Se um cozinheiro apresenta um prato com carne grelhada, uns vegetais assados, farofa, já pode se considerar um autor? Será que aquilo que envolve uma ideia trivial, de domínio público vale tal qualificação? Ou pode ser assim classificada se o chef fizer as coisas “do jeito dele”? Da minha parte, tenho visto cada vez mais bifes com legumes sendo apontados como autorais…
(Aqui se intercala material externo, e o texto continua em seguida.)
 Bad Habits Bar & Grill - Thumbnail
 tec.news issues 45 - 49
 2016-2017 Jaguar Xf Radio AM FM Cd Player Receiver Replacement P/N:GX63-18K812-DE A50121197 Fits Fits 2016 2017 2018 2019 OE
Um ótimo cozinheiro deveria ser, acima de tudo, um bom intérprete. Cantar e tocar bem uma canção vêm antes de saber como escrever melodias e letras próprias. Se o artista evoluir para uma condição de grande compositor, melhora ainda. Mas a base é executar com competência. Gualtiero Marchesi, que, entre outras coisas, há anos teve a ideia de subverter o ravioli, preparando-o e servindo-o aberto, certamente pode ser denominado um autor. Saindo da alta cozinha europeia: e Rodrigo Oliveira, do Mocotó, que um dia criou o dadinho de tapioca com queijo coalho (certamente o petisco mais imitado do Brasil), merece ser chamado de autor? Penso que sim.
Todo chef é cozinheiro. Mas cozinheiro só é chef se: lidera uma brigada; tem o controle das fichas técnicas de pratos; domina receitas (suas ou não); estabelece processos; cuida dos insumos; monta cardápios; sabe definir preços. De forma semelhante, podemos estabelecer diferenças entre intérprete e autor (embora existam também os intérpretes-autores) e refletir se o termo autoria não anda sendo vulgarizado.
Não quero tolher a inventividade da nova geração. Mas cozinhar com técnica e com sabor, reproduzindo um clássico ou propondo um menu vanguardista, é a condição mínima para um profissional. Está acima da “assinatura”. Interpretar bem é indispensável. Ser autor é para quando fizer sentido.